-- WHAT THE TASK REQUIRES --
Can you print the data exactly and leave out each image?

-- DATASET --
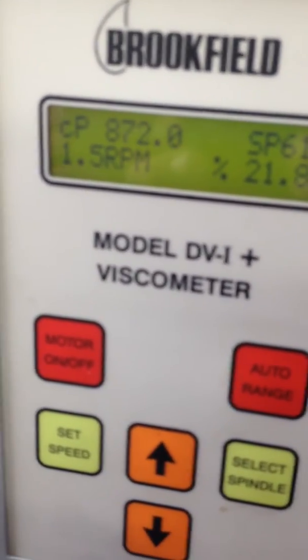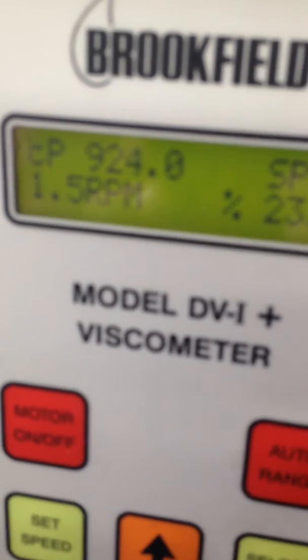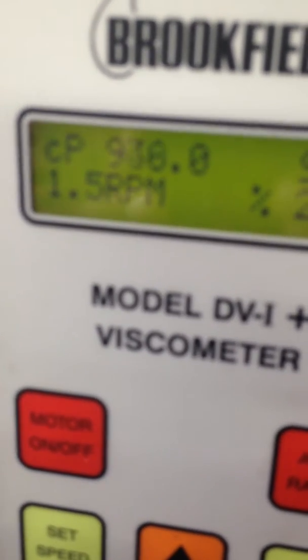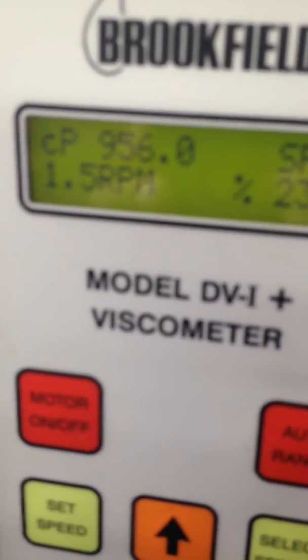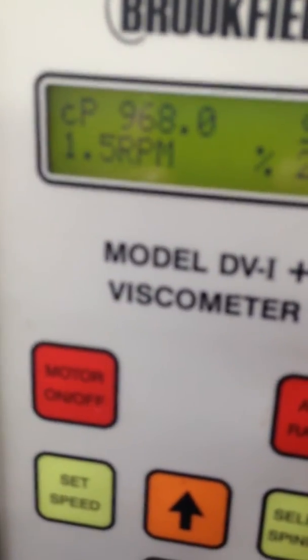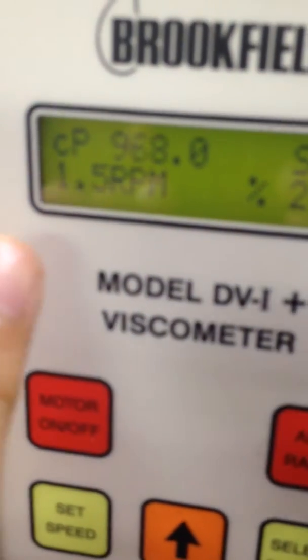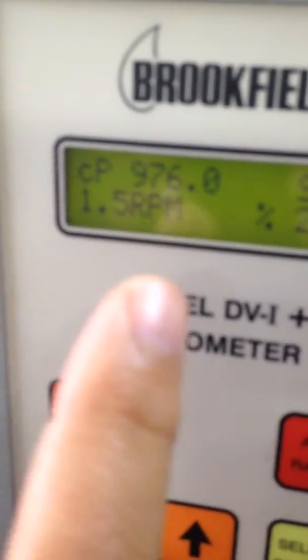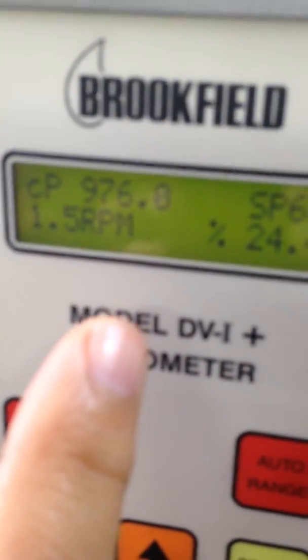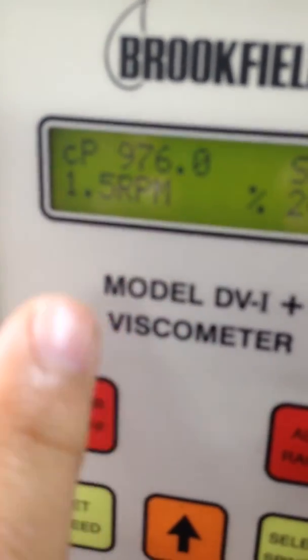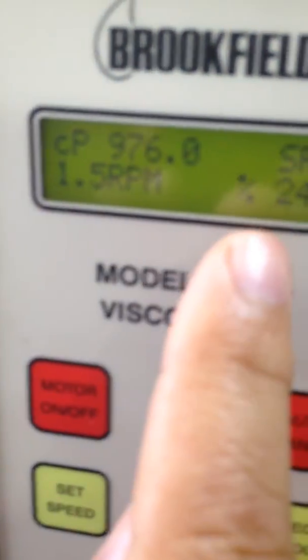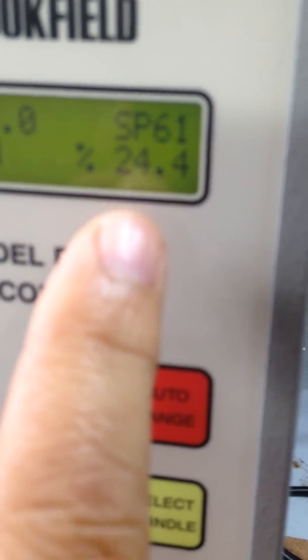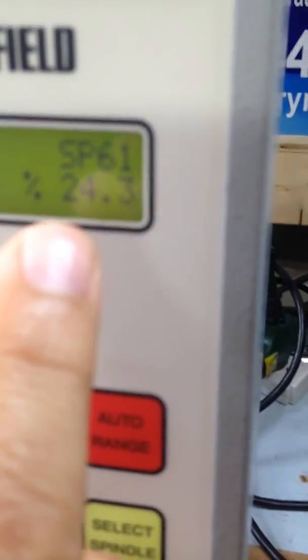The viscosity now, you get at least let the spindle turn five times. It's 1.5 revolution per minute so it's about five minutes. You gotta let it run for five minutes so that it gives you the viscosity. This is the range, it shows you the range.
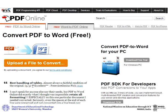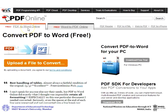Before you start converting your files, read PDF Online's terms and conditions.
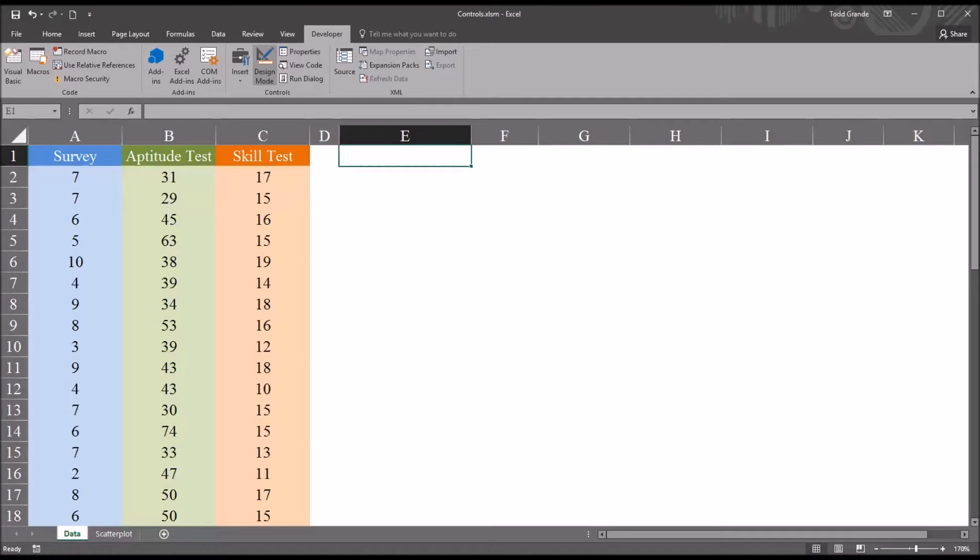Hello, this is Dr. Grande. Welcome to my video on using a form control list box to select data in Excel.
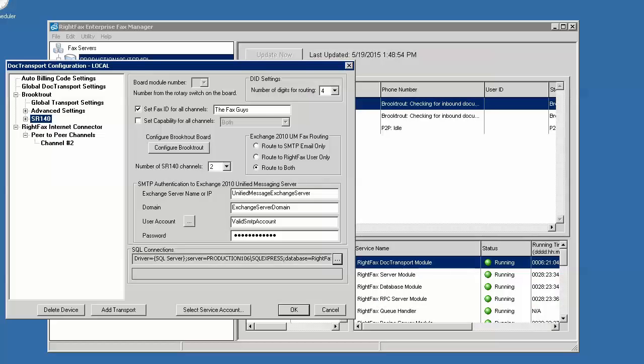Depending on your network or service provider requirements, you may have to provide a valid caller ID in order for a faxed call to process out beyond the Fax server. Also, be aware your network or telephony administrator or provider may describe this as DID.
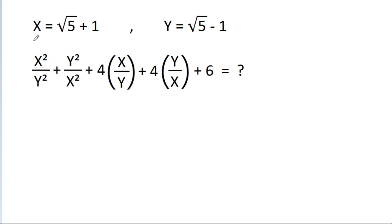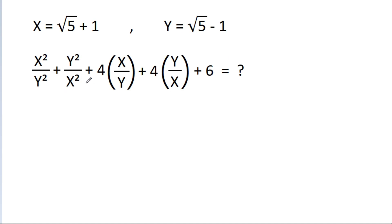In this video, we have given that x is equal to square root of 5 plus 1, and y is equal to square root of 5 minus 1. Then we have to find the value of x squared by y squared minus y squared by x squared minus 4 times x by y minus 4 times y by x minus 6.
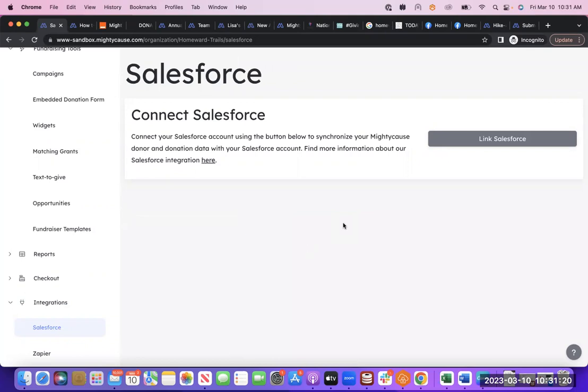Additionally, you will be able to sync any data that was already in the platform, so you can kind of do a re-sync and sync any historical data, and that will be plugged into Salesforce as well.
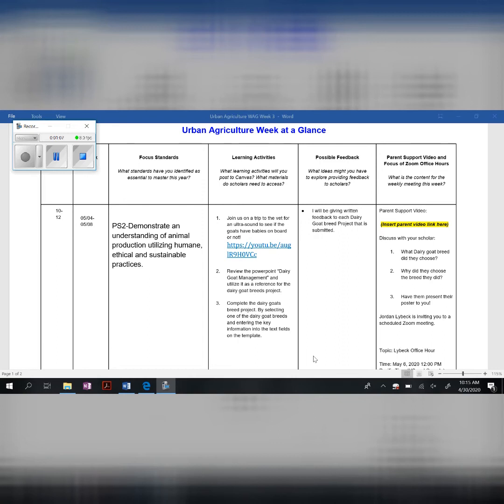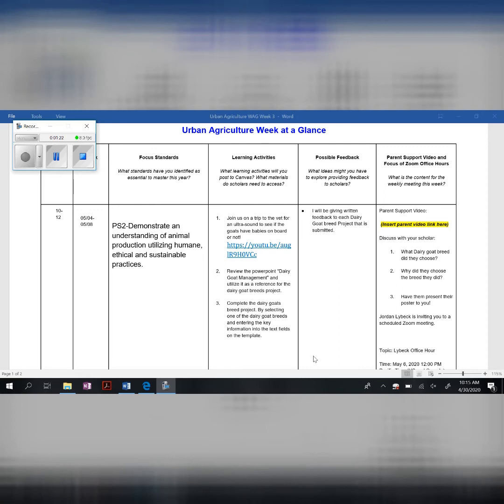Just think about what goat produces the most milk, which goat has the highest butterfat, temperaments, which one looks the best to you, which one would you choose if you were going to pick a breed to raise. It's kind of fun, and then I'll be giving written feedback on any of the projects that are submitted.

-- SOLVED PROBLEM --
The viscosity now, you get at least let the spindle turn five times. It's 1.5 revolution per minute so it's about five minutes. You gotta let it run for five minutes so that it gives you the viscosity. This is the range, it shows you the range.
Before you start converting your files, read PDF Online's terms and conditions.
Hello, this is Dr. Grande. Welcome to my video on using a form control list box to select data in Excel.
Depending on your network or service provider requirements, you may have to provide a valid caller ID in order for a faxed call to process out beyond the Fax server. Also, be aware your network or telephony administrator or provider may describe this as DID.
In this video, we have given that x is equal to square root of 5 plus 1, and y is equal to square root of 5 minus 1. Then we have to find the value of x squared by y squared minus y squared by x squared minus 4 times x by y minus 4 times y by x minus 6.
Additionally, you will be able to sync any data that was already in the platform, so you can kind of do a re-sync and sync any historical data, and that will be plugged into Salesforce as well.
Just think about what goat produces the most milk, which goat has the highest butterfat, temperaments, which one looks the best to you, which one would you choose if you were going to pick a breed to raise. It's kind of fun, and then I'll be giving written feedback on any of the projects that are submitted.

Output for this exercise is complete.